Attika-Gouverneur kontert Vorwürfe des 'Verschwindens' während der Brandbekämpfung: 'Wenn wir operieren, reden wir nicht'
Nikos Chardalias, Regionalgouverneur von Attika, reagierte auf Vorwürfe der Medienabstinenz während der jüngsten Waldbrände und listete 53 Wasserwagen und 11 schwere Maschinen auf, die an drei Fronten im Einsatz waren.
Reaktion auf Online-Kritik
Der Regionalgouverneur von Attika, Nikos Chardalias, wandte sich am 1. August 2026 über soziale Medien an Kritiker, die ihm vorwarfen, während der Löscharbeiten in der Region nicht in der Öffentlichkeit präsent gewesen zu sein. Er wies die Anschuldigungen als "Dreck" zurück, der von Menschen verbreitet werde, die "hinter ihren Tastaturen versteckt" seien, und betonte, dass sein Platz an den Brandfronten sei, nicht in Fernseh- oder Radiostudios.
Wenn wir operieren, wenn Menschenleben in Gefahr sind, reden wir nicht.
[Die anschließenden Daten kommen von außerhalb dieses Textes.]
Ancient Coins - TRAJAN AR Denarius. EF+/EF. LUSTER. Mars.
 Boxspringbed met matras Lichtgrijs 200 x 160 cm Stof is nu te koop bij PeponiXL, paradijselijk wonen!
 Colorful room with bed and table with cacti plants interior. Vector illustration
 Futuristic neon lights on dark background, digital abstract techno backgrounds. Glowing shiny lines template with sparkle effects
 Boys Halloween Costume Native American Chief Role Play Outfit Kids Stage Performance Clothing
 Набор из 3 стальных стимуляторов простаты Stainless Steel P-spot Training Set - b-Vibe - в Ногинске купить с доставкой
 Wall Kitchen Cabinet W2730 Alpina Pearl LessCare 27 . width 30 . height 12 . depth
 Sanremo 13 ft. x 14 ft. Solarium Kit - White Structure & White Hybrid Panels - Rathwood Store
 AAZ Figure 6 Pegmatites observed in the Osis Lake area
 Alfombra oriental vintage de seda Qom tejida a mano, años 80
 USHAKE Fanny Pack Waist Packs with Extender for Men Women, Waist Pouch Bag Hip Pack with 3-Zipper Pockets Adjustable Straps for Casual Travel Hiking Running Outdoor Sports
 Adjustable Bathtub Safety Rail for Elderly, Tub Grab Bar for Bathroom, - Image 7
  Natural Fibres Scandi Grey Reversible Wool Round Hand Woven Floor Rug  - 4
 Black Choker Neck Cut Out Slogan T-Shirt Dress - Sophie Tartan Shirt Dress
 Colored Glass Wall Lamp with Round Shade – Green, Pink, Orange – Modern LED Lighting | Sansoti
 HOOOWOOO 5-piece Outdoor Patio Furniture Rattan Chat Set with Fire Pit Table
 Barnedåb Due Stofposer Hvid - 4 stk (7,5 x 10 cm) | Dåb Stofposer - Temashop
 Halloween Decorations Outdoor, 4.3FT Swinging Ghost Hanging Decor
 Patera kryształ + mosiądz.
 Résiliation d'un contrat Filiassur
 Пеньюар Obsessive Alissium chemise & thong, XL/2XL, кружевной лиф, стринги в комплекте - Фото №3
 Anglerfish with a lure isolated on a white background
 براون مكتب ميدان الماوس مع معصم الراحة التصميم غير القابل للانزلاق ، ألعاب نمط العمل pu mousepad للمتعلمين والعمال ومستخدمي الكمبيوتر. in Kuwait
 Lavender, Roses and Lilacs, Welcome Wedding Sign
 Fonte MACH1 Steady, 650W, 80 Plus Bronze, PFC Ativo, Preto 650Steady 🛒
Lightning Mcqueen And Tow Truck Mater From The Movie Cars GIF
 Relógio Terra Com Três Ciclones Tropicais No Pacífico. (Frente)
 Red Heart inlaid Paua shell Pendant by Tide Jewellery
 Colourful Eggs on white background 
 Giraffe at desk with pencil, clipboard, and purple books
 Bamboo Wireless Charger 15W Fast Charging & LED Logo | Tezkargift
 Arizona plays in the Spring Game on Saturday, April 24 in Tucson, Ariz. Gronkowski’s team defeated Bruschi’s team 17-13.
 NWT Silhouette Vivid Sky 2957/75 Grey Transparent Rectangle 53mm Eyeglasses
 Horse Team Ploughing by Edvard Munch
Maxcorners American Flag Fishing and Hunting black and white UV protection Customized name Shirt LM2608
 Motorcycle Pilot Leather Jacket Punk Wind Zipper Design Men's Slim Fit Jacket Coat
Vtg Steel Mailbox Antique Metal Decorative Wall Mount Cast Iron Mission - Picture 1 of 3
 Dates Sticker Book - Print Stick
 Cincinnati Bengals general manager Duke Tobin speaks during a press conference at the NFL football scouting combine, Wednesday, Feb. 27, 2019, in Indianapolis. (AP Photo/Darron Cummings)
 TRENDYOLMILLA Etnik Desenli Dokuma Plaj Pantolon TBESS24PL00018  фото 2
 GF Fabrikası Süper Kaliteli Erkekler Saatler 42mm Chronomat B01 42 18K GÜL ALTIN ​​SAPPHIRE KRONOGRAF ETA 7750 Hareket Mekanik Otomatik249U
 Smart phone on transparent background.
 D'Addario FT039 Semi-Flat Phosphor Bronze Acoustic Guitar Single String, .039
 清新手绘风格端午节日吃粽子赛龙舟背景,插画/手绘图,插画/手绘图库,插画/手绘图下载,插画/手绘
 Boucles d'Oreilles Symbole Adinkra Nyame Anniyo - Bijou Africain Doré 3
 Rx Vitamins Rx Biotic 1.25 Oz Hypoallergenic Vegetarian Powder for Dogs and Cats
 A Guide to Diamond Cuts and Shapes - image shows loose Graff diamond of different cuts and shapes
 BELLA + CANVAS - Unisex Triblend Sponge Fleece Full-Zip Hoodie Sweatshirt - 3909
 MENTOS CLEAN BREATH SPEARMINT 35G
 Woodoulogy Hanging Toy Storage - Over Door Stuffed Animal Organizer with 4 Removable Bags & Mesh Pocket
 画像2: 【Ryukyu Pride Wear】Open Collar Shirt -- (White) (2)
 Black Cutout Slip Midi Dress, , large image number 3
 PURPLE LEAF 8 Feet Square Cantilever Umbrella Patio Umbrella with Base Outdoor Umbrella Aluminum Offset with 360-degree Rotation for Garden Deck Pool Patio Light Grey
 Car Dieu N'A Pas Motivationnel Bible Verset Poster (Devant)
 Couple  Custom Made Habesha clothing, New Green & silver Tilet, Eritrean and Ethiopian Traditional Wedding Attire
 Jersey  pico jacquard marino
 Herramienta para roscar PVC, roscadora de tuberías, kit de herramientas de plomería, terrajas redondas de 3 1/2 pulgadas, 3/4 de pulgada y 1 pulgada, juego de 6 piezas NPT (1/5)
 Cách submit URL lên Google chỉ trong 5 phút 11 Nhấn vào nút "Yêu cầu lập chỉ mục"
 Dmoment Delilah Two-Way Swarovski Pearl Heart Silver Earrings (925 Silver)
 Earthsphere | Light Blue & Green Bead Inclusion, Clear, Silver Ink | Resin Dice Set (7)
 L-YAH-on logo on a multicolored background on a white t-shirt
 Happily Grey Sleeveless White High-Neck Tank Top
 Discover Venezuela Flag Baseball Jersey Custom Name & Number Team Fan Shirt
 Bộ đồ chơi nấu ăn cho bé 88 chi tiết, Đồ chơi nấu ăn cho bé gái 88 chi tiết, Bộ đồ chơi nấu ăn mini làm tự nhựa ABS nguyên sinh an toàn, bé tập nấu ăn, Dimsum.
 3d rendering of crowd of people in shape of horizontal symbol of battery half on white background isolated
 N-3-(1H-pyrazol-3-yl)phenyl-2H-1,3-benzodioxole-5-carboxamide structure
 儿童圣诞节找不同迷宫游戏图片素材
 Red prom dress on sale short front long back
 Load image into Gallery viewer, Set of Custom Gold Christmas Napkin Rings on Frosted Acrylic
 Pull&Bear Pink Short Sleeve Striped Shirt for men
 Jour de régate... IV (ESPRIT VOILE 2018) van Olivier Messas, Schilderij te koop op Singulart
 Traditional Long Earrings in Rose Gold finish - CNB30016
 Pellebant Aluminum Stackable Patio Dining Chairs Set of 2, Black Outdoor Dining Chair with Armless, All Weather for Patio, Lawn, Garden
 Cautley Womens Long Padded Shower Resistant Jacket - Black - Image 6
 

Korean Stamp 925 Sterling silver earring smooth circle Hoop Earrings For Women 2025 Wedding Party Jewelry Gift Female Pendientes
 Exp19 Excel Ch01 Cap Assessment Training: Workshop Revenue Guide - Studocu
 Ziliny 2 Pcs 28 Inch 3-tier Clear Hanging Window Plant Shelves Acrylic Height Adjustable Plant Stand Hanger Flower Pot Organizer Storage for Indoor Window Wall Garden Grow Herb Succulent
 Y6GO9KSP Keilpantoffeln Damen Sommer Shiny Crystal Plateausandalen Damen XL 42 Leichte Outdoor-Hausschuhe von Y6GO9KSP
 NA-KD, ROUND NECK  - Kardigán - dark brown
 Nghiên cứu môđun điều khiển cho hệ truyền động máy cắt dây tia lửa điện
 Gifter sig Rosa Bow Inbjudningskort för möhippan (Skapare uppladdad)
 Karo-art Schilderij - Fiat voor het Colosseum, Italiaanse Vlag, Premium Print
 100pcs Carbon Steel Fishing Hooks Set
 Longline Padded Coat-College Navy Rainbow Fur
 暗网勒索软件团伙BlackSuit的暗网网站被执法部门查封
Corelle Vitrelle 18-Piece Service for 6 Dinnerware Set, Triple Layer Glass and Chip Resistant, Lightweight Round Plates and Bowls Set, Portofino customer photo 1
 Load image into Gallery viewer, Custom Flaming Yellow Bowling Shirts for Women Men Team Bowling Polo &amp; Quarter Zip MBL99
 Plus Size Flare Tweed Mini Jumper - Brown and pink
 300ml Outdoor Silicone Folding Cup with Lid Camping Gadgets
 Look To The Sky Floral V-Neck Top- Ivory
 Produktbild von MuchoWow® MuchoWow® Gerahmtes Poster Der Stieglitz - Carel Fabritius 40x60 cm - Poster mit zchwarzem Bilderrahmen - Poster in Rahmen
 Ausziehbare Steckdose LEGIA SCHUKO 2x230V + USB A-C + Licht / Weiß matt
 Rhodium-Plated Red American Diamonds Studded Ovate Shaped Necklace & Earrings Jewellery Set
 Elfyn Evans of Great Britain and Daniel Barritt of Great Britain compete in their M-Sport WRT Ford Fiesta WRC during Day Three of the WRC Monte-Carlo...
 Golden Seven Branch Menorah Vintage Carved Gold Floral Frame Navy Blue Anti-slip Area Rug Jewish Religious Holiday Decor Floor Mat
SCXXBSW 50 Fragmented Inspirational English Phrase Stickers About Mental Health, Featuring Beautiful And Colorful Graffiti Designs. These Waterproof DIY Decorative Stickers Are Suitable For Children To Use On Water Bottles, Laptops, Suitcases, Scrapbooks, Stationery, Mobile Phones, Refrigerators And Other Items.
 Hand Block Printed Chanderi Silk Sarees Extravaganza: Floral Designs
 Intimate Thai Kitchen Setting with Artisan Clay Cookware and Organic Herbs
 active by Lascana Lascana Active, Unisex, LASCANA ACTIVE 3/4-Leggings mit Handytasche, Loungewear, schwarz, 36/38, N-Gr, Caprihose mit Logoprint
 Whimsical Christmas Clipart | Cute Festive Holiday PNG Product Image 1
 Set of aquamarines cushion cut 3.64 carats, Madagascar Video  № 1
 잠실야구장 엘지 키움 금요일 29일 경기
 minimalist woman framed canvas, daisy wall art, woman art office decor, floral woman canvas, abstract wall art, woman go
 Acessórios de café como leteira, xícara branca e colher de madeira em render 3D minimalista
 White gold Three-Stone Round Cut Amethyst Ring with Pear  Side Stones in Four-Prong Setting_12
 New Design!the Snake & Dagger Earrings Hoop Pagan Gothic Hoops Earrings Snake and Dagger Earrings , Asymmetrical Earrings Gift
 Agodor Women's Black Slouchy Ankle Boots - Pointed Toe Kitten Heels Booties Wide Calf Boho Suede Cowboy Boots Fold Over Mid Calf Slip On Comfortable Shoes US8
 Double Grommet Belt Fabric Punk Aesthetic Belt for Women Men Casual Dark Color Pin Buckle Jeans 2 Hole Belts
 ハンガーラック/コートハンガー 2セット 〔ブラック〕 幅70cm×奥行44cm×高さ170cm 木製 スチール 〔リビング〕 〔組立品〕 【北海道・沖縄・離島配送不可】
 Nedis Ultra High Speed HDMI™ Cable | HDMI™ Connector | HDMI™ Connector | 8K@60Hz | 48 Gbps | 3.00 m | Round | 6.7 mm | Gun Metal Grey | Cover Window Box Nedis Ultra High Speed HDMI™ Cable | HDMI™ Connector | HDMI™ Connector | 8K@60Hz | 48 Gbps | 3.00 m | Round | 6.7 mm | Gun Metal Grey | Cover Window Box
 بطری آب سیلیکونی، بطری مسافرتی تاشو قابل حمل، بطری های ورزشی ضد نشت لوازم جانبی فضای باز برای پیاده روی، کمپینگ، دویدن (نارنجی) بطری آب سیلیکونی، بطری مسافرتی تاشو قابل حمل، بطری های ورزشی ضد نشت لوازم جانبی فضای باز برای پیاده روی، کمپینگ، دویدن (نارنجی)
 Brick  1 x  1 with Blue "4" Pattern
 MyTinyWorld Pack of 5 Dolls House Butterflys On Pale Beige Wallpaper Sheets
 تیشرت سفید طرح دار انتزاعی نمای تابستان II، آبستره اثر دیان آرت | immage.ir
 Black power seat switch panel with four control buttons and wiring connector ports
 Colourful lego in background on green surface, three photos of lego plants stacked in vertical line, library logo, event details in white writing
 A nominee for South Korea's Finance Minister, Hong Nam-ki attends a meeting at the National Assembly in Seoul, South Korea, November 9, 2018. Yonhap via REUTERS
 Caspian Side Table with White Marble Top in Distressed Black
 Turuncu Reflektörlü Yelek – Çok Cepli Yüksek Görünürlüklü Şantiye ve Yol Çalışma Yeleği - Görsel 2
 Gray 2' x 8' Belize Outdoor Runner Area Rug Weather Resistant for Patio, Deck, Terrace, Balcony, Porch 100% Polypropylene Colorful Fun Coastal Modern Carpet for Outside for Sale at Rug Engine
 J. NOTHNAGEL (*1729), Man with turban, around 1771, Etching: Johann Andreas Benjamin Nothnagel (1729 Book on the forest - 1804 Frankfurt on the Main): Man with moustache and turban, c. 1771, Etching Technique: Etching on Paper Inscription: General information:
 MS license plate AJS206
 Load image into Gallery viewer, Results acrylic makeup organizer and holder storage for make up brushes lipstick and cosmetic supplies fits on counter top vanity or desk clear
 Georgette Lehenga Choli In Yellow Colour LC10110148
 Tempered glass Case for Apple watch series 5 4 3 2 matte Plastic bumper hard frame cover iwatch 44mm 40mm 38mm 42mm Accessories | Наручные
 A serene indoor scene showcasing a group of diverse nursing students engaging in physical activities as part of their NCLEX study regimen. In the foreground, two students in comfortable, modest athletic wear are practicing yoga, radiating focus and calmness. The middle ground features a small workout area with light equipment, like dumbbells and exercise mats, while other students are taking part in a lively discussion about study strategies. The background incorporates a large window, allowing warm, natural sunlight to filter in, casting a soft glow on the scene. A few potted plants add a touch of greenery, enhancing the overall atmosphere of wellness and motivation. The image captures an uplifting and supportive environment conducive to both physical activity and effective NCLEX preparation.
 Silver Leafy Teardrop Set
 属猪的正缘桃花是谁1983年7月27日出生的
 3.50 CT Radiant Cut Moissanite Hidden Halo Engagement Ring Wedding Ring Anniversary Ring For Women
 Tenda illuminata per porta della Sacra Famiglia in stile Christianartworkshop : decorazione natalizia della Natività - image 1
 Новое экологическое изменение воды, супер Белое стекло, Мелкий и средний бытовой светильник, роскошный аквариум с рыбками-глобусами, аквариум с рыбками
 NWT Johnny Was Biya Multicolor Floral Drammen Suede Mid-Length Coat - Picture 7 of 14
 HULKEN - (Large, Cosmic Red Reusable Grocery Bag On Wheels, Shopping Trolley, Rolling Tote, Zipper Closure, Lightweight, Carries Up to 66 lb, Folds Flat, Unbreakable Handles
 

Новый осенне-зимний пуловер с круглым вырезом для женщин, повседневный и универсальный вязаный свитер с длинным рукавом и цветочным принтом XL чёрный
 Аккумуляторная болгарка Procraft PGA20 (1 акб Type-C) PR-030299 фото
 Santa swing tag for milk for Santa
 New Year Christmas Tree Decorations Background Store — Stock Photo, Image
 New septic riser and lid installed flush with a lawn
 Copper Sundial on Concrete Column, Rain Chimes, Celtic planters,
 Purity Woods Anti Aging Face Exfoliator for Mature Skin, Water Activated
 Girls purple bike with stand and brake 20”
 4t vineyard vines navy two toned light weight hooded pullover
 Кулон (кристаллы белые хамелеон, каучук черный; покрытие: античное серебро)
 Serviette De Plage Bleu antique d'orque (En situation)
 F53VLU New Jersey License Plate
Wir sind dort, wo es nötig ist, ohne Kameras und Kommunikationsshows.
Er betonte, dass seine Priorität und Verantwortung, unter vollem Respekt für die Arbeit der Journalisten, darin bestehe, draußen zu sein, wo es nötig sei, nicht in der Luft oder in den sozialen Medien.
Eingesetzte Ressourcen
Chardalias erläuterte den operativen Beitrag der Region Attika, die ausschließlich auf Anfragen des Einheitlichen Koordinationszentrums für Einsätze und Krisenmanagement (ESKEDIK) und des Ministeriums für Klimakrise und Katastrophenschutz handelt. Die Region hat 53 Wasserwagen, 11 schwere Maschinen und Dutzende Fahrzeuge und andere Mittel bereitgestellt. Diese werden für Bergungen, Rettungen und alle anderen Aufgaben der Brandbekämpfung eingesetzt, die von dem für die Gesamteinsatzplanung zuständigen Ministerium angefordert werden.
Ohne Kameras. Ohne Fotos. Ohne Kommunikationsshows.
Er sagte, dass in den vorangegangenen 36 Stunden stellvertretende Regionalgouverneure, Katastrophenschutzmitarbeiter und Hunderte Angestellte in den Einsatzzentralen und in den betroffenen Gebieten in Alarmbereitschaft waren, an der Seite der Feuerwehr, der Freiwilligen und der kommunalen Kräfte.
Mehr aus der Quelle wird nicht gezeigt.